“Claro” é um longa-metragem de 1975, da autoria de Glauber Rocha, produzido pela DPT-SPA. Passa-se em Roma e aborda a cultura local; não possui estrutura narrativa tradicional, misturando ópera, documentário, filme-testemunho e ensaio.
Filmado em duas semanas durante a primavera romana, Claro se mostra um filme de transição e também de síntese na obra de Glauber Rocha. Nele, encontram-se tanto traços estilísticos de seus longas de ficção anteriores como estratégias documentais e intervenções do próprio cineasta que irão marcar os documentários Di, Jorjamado no Cinema (ambos de 1977) e seu quadro no programa Abertura (entre fevereiro e outubro de 1979).
Ainda que procedimentos de documentário e ficção se entrelacem ao longo do filme, é possível dividi-lo em três partes, conforme a abordagem que cada uma delas privilegia: o tratamento mais documental na primeira e terceira partes, o tratamento mais ficcional na segunda. Uma constante, porém, é a presença em cena da atriz francesa Juliet Berto, mulher do cineasta na época.
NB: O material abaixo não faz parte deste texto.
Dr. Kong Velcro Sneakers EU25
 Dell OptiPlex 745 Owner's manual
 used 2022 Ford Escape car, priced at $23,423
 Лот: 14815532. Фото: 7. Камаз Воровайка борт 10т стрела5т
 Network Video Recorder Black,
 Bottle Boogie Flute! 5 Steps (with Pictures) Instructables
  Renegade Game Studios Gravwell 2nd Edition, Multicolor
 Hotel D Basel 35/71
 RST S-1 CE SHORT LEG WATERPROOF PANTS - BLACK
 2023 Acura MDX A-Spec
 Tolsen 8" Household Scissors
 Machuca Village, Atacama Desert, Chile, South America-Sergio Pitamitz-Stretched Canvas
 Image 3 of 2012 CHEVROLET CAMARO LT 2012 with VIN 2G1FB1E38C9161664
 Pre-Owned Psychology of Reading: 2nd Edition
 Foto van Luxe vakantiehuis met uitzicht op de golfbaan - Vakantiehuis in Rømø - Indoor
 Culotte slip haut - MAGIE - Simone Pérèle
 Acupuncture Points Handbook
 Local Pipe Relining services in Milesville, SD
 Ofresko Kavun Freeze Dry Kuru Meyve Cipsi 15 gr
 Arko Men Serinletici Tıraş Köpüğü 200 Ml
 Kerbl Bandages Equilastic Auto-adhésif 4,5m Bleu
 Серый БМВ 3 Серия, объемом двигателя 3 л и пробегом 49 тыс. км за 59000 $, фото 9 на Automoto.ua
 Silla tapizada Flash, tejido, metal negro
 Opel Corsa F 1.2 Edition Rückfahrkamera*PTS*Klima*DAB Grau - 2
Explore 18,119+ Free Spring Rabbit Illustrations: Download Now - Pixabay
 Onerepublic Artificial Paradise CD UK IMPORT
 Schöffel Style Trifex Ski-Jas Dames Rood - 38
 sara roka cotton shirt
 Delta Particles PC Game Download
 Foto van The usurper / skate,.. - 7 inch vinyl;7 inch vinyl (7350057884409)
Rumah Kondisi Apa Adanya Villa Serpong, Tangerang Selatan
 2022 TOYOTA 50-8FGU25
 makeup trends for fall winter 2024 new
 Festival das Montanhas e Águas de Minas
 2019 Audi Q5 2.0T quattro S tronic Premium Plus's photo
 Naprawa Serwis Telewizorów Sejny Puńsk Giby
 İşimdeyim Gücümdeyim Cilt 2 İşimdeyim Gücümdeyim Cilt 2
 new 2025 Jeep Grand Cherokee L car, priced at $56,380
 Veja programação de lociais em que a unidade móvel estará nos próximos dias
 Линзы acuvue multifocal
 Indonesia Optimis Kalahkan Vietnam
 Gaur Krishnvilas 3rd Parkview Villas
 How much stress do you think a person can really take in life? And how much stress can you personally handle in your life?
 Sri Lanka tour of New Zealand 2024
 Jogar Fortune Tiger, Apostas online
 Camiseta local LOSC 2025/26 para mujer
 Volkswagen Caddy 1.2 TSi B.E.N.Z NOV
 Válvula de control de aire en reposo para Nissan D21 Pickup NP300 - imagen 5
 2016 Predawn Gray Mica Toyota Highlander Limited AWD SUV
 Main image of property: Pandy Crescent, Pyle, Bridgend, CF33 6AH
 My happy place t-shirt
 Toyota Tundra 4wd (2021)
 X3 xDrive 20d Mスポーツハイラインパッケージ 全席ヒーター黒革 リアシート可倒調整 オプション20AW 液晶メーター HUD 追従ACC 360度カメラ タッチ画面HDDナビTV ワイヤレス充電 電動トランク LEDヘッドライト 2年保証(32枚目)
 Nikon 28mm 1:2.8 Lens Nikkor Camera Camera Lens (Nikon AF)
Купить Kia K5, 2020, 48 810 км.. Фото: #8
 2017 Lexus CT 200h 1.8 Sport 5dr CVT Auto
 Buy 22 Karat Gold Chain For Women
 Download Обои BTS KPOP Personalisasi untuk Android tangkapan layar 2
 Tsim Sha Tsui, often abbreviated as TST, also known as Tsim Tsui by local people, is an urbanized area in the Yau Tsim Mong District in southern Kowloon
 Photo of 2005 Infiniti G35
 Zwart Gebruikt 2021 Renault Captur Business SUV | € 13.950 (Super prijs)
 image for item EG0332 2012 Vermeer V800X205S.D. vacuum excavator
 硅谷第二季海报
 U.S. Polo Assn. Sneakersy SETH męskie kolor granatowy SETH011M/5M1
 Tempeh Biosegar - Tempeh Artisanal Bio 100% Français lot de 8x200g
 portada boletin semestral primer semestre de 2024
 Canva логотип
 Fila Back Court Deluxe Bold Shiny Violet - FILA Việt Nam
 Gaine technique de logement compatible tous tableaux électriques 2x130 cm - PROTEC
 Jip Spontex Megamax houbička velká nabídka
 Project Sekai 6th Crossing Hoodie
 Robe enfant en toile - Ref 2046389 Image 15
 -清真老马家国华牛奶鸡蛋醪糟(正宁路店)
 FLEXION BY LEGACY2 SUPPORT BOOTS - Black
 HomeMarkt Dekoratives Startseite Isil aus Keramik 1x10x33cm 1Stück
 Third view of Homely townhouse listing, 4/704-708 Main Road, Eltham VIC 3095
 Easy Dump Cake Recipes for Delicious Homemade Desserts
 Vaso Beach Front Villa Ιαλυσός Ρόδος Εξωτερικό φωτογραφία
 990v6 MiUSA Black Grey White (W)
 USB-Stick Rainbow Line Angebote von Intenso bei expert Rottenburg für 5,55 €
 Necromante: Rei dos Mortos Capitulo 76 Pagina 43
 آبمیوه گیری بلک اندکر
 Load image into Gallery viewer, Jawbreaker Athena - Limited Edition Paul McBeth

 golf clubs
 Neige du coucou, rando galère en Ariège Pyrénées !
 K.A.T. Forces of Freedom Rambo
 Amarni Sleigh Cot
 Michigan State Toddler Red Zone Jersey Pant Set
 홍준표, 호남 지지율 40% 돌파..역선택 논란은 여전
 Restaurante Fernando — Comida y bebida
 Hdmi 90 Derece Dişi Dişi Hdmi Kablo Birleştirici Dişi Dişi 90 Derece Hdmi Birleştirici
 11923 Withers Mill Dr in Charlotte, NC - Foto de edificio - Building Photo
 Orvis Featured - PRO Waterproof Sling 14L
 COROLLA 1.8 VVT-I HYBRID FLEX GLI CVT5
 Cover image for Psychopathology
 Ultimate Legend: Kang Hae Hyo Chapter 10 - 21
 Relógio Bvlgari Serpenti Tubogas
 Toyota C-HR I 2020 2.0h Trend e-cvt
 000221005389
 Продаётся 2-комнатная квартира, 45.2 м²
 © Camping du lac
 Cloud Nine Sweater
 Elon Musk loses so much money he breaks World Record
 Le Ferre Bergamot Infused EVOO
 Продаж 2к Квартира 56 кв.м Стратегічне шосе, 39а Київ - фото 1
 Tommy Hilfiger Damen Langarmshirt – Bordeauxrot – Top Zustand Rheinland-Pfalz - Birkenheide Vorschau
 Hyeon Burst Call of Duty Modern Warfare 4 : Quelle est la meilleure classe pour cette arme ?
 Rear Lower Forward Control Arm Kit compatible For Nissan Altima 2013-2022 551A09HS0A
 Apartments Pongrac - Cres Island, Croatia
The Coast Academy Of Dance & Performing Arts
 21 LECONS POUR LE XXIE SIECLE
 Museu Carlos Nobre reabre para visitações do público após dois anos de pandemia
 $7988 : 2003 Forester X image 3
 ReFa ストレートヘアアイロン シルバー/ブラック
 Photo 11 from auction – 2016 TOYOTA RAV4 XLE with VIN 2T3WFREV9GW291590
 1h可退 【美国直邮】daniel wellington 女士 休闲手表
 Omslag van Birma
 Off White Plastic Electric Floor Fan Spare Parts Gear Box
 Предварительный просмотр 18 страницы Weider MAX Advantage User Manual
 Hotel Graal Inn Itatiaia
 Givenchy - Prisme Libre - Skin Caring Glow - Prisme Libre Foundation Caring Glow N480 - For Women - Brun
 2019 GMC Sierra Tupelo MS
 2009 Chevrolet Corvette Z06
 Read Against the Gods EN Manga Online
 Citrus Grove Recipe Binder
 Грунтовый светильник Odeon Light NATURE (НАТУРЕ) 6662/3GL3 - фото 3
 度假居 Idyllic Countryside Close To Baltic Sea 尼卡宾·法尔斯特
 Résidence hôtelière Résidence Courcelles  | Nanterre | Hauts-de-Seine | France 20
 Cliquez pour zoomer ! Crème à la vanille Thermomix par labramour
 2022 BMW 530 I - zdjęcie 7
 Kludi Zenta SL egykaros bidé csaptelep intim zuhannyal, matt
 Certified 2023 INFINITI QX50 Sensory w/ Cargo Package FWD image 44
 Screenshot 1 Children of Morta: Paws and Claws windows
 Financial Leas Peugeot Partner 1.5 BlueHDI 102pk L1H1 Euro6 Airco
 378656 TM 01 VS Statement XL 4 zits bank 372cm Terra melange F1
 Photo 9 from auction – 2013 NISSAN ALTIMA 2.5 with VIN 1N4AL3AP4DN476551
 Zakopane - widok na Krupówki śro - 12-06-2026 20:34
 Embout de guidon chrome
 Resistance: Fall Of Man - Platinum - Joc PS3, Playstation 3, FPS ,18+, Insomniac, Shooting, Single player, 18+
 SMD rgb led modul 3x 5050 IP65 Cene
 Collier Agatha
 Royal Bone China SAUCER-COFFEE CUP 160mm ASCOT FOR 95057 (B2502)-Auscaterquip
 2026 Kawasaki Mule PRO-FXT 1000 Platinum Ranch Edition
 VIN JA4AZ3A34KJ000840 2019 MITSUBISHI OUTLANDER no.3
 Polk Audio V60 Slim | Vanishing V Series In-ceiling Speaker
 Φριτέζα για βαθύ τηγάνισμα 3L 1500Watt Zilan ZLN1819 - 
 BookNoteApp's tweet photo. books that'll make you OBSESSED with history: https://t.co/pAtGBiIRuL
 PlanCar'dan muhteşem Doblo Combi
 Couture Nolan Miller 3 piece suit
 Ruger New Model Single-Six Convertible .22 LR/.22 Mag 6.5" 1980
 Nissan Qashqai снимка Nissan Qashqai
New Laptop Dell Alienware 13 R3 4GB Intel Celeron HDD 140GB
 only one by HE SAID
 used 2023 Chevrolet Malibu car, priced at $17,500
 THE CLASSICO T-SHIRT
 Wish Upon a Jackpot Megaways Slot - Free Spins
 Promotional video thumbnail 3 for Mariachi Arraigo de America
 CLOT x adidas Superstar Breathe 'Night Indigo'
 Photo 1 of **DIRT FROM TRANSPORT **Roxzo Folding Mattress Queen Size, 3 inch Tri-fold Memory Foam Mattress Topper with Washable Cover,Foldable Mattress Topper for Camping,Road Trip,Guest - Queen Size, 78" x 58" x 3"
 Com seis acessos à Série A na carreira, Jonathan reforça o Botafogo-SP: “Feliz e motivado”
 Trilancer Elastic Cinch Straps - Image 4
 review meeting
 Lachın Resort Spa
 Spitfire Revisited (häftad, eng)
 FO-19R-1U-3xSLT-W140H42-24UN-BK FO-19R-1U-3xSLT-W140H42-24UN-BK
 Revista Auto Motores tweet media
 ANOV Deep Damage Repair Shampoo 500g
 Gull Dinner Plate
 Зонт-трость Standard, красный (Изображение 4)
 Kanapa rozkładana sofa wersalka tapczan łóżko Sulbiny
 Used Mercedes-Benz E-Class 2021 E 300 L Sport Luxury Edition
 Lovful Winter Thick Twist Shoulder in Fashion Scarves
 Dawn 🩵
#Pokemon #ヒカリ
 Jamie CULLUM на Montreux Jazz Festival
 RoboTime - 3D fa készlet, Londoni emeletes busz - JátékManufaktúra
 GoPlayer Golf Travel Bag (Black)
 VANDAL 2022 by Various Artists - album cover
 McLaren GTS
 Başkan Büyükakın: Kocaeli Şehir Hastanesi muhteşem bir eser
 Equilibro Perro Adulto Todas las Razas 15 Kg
Nesse núcleo ficcional da segunda parte, se concentram os diálogos e discursos de personagens que funcionam como encarnações de conceitos sociais, ideológicos, sexuais, psicanalíticos. Juliet Berto incorpora aqui a figura do intelectual, ecoando nas suas falas a voz do diretor. Tanto a composição alegórica dos personagens quanto a opção em geral pelos planos fixos (ou pela câmera fixa que se aproxima e recua por meio de zooms) e o estilo declamatório dos atores remetem aos longas de ficção que precedem Claro, sobretudo aos traços estilísticos de O Dragão da Maldade Contra o Santo Guerreiro (1969), Der Leone Have Sept Cabeças e Cabezas cortadas (ambos de 1970). Talvez por retornar a uma concepção de mise-en-scène e a alegorias políticas já elaboradas em filmes anteriores, esse núcleo ficcional não provoca a mesma empolgação das sequências documentais, deslumbrantes em seu frescor, inventividade e beleza.
Na primeira parte, trata-se logo de subverter o apelo turístico da cidade de Roma. Juliet Berto circula pelas ruínas romanas e rola pelo chão diante do Coliseu, enquanto Glauber dá uma ajudinha empurrando-a com o pé e saltando sobre seu corpo. A nova atração logo se impõe: os turistas esquecem as ruínas com seus tantos séculos de cultura e civilização para fotografar o casal em atitudes bárbaras. A próxima parada nesse inusitado city tour é na praça do Capitólio, dominada pela estátua do imperador Marco Aurelio, montado em um cavalo. A voz over de Glauber, que depois aparece falando para um microfone enquanto caminha entre monumentos, discorre em italiano sobre "a sede do imperialismo, fixado aqui debaixo das patas desse cavalo, um cavalo monstruoso [...] o centro era aqui". Em seguida, na praça do Vaticano, Berto caminha entre os turistas; circula entre os desconfiados participantes de um cortejo, engalanados com figurinos de época; segue os passos de um religioso (no que é afastada pelos acompanhantes); e por fim, voltada para a janela de onde o papa abençoa os fiéis e enquadrada num plongé que pode bem ser uma subjetiva do sumo pontífice, abre a boca no tradicional gesto para receber a hóstia da comunhão. Concluído o passeio antiturístico por Roma, têm início as sequências ficcionais.
Na terceira parte, volta-se aos cenários romanos, agora para circular por outros espaços, outras manifestações. Ao formalismo antiquado do cortejo visto no Vaticano, se contrapõe a contemporaneidade de passeatas e comícios comunistas, além de uma exibição de filmes em praça pública. Brincando com a bobina do projetor, Juliet Berto conversa com um dos organizadores, insistindo na ideia de "cinema manifesto" e citando cineastas como Straub, Godard, Eisenstein, Visconti. Outra religião: ao ouvir o nome de Rossellini, ela faz o sinal da cruz. Numa varanda emoldurada por plantas, com roupas estendidas num varal ao fundo, Berto ouve uma moradora contar a história do bairro pobre em que vive, foco de resistência política. Entre os casebres da periferia romana, Glauber e Berto entrevistam moradores, mas ao som de suas vozes se superpõe a música de Villa-Lobos. Logo também as imagens aparecem em superposição, formando uma bela composição polifônica de sons e imagens.